La imagen de nuestro planeta tomada desde la luna, revolucionó la conciencia humana. Este descubrimiento echó por tierra la teoría física aristotélica que consideraba a los astros como esferas celestes, puras, perfectas e inmutables.
El 17 de febrero de 1600, en Roma, los servidores del Santo Oficio, luego de ser juzgado por la Inquisición y no retractarse, quemaron al filósofo Giordano Bruno, condenado por blasfemia, herejía e inmoralidad por haber dicho en su cátedra que "la Tierra ya estaba en el Cielo", puesto que navegaba por el espacio. Lo que no sabía Giordano Bruno es que la tierra navega por el espacio a treinta kilómetros por segundo(1).

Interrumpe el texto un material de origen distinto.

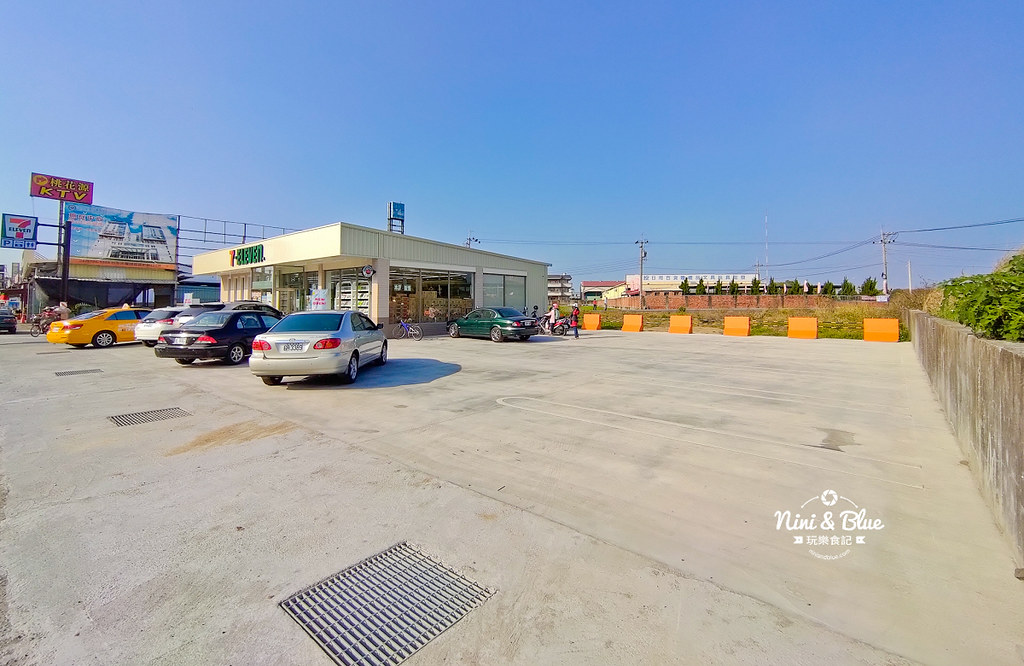 特色小七南投草屯敦煌門市08 特色小七南投草屯敦煌門市08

Cuando las cenizas de Bruno fueron lanzadas al viento, Galileo tomó su relevo en el estudio de los astros. Uno de sus primeros trabajos fue perfeccionar el telescopio holandés y cuando consiguió una lente de veinte aumentos convocó al Consejo de Venecia en la cima del campanile de San Marcos y la enfocó hacia la luna para mostrar a los clérigos y prebostes civiles los accidentes geológicos que había en su superficie.
Precisamente, éste fue el descubrimiento que trajo por los suelos la teoría física aristotélica que consideraba los astros como esferas celestes, puras, perfectas e inmutables. Galileo también fue condenado a morir en la hoguera y sólo un falso arrepentimiento de última hora le salvó de esa condena.
Ahora, nada que no sea global, planetario y universal tiene ya sentido. Todos los sueños de la humanidad se dirigen hacia las galaxias y, a la par, se ha instalado en el centro de nuestro cerebro un principio insoslayable: en esta nave que es la Tierra, o nos salvamos todos o perecemos todos.